Ein Bild vom Text
ist kein Text.
Ein eingescanntes Formular ist für ein Vorleseprogramm ein leeres Blatt. Wer darauf angewiesen ist, kann das Dokument nicht lesen, nicht ausfüllen und nicht einreichen. Genau darum geht es bei barrierefreien PDF – und es ist einfacher, als der Begriff vermuten lässt.
Was ein PDF barrierefrei macht
- Echter Text statt Bild. Ein Scan ist ein Foto. Erst eine Texterkennung macht daraus lesbaren Inhalt – das ist die Grundvoraussetzung für alles Weitere.
- Struktur. Überschriften müssen als Überschriften ausgezeichnet sein, Listen als Listen, Tabellen als Tabellen. Nur so kann ein Vorleseprogramm navigieren.
- Lesereihenfolge.

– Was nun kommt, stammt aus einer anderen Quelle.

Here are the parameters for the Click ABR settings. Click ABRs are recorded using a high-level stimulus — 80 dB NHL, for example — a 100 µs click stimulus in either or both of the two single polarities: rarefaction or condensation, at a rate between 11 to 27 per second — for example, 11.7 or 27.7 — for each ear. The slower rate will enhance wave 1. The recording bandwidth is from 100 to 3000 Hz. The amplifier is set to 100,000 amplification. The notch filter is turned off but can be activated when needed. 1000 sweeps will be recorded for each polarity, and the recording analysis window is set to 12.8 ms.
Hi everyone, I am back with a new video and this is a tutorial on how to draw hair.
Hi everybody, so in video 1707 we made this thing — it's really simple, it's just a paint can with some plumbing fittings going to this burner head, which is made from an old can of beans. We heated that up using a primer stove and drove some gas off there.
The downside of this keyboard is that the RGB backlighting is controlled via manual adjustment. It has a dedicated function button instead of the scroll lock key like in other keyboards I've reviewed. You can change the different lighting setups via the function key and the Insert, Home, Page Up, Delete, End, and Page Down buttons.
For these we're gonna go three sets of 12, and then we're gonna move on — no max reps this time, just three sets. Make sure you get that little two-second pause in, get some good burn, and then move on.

Bei mehrspaltigen Dokumenten muss festgelegt sein, in welcher Reihenfolge gelesen wird. Sonst springt das Programm zwischen den Spalten.
- Alternativtexte für Bilder, die Inhalt tragen. Schmuckbilder werden als solche gekennzeichnet.

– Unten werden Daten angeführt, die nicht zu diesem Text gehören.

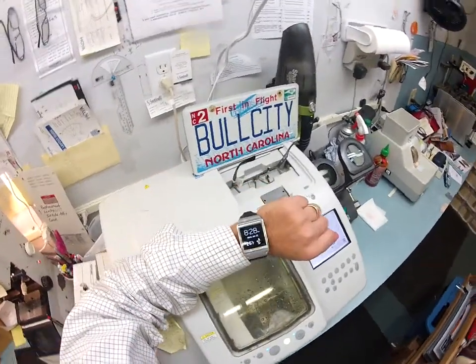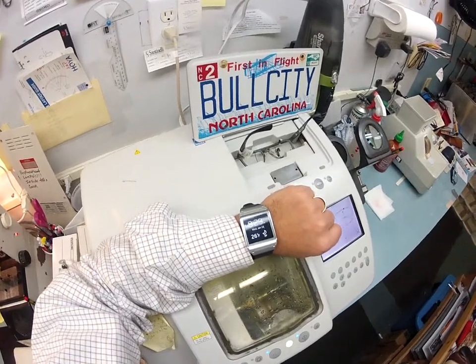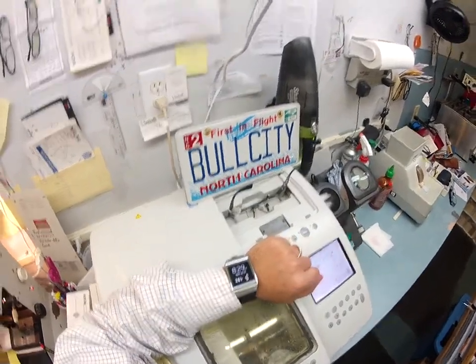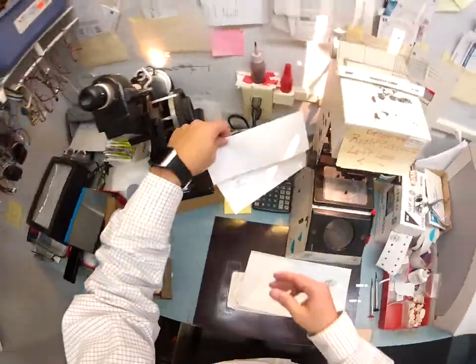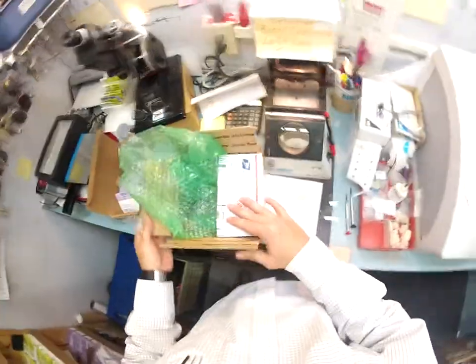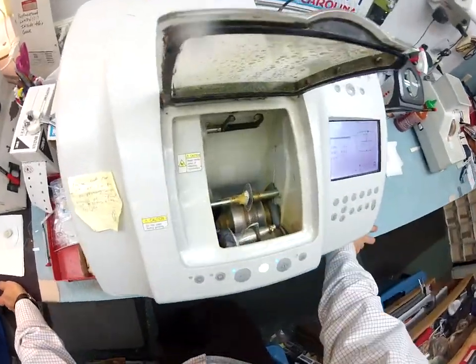It is now 8:24 according to my Samsung Gear watch, 26 degrees on Wednesday, January 22nd in the Bull City of Durham, North Carolina. You are in Centennial, Colorado. Looks like your Denver Broncos are heading to the Super Bowl — hats off to a big win.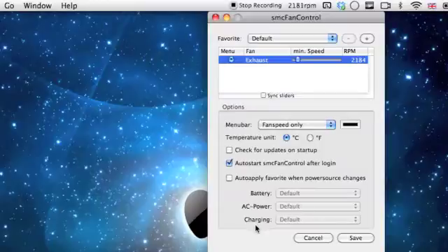You can also do battery, AC power, and charging. If you're charging your Mac, you can actually control the fan because it gets very, very hot when charging. Right now I'm going to put the speed up — let's put it up to about 4,000 RPM. I'm only halfway. Save it and hopefully you'll be able to hear the difference.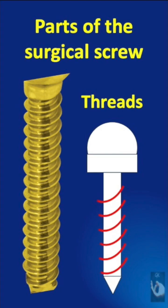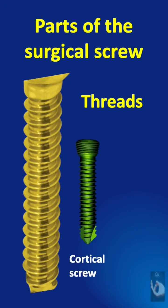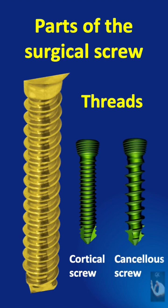The threads are the spiral grooves that run around the core of the screw. They provide the screw's ability to grip and hold within the bone or any other material. Cortical bone screws have fine threads for strong purchase in hard bone, while cancellous bone screws have deep, widely spaced threads for stability in soft bone.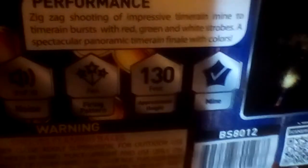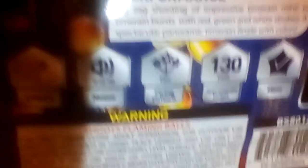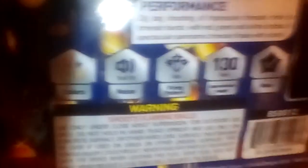It says it goes approximately 130 feet up. It's a nine out of ten noise level, has color, has a fan firing pattern, and again this is 25 shots. You can scan it with your iPhone or whatever and watch it that way, but I just look it up on YouTube because I feel like it's easier.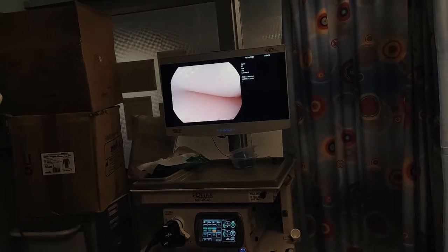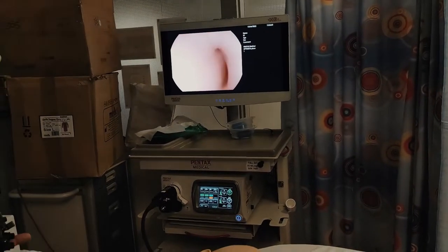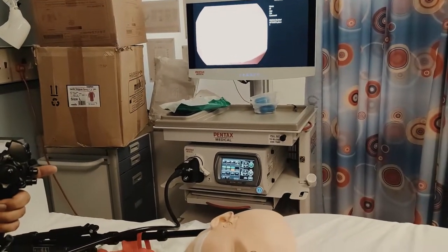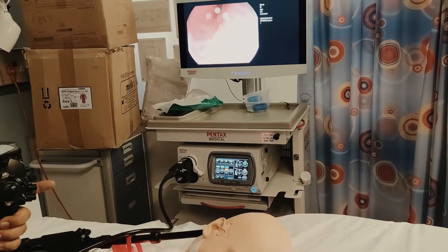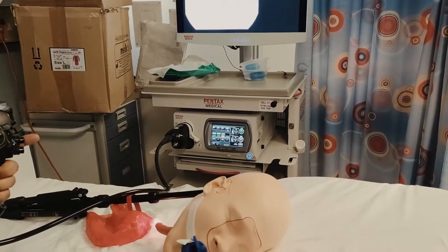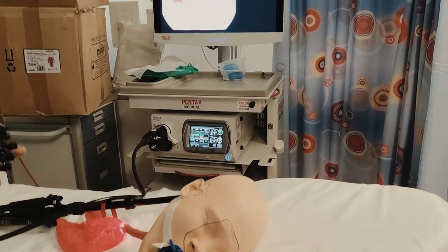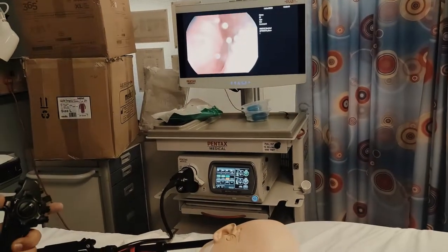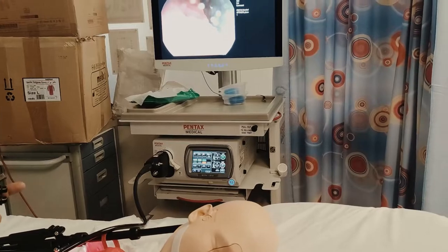This part is relatively straightforward — you try to keep everything in the middle and push forward until you get to the GOJ and the Z-line. Once you're at the GOJ, you want to make a bit of a movement to the left, and in an ideal scenario you follow the lesser curve to go down into the duodenum. This is the GOJ and Dr. Havari is going to go down. In this scenario it's a bit difficult because normally you'd inflate, but this dummy scope does not have an inflate button. Now we're in the stomach — Dr. Havari would go straight and normally here is where you would encounter the pylorus and your entry into the duodenum.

- Dokumentsprache gesetzt, damit die Aussprache stimmt.
- Titel im Dokument, nicht nur im Dateinamen.
- Ausreichender Kontrast und Schriftgrößen, die sich vergrößern lassen.

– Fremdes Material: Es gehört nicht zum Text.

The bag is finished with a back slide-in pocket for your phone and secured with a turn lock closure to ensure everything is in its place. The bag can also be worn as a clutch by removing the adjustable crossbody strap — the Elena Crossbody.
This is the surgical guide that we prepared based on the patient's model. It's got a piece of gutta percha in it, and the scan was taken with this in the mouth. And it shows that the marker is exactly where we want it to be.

- Formularfelder mit Beschriftung, die technisch verknüpft ist – und in sinnvoller Reihenfolge bedienbar.
Wer betroffen ist
Öffentliche Stellen sind seit Jahren verpflichtet. Für Unternehmen gilt das Barrierefreiheitsstärkungsgesetz, das bestimmte Produkte und Dienstleistungen im elektronischen Geschäftsverkehr erfasst – mit einer Ausnahme für Kleinstunternehmen im Dienstleistungsbereich.
Neben der Pflicht gibt es einen ganz praktischen Grund: Ein PDF, das nicht durchsuchbar ist, wird auch von Suchmaschinen nicht gelesen. Und ein Formular, das niemand digital ausfüllen kann, erzeugt Anrufe. Dieser Beitrag ordnet ein und ersetzt keine Rechtsberatung.
So entsteht ein zugängliches PDF
- Im Ausgangsdokument anfangen. Überschriften mit den vorgesehenen Formatvorlagen setzen, nicht durch größere Schrift. Listen mit der Listenfunktion. Tabellen mit Kopfzeilen.
- Alternativtexte im Ausgangsdokument hinterlegen – dort ist es einfacher als später im PDF.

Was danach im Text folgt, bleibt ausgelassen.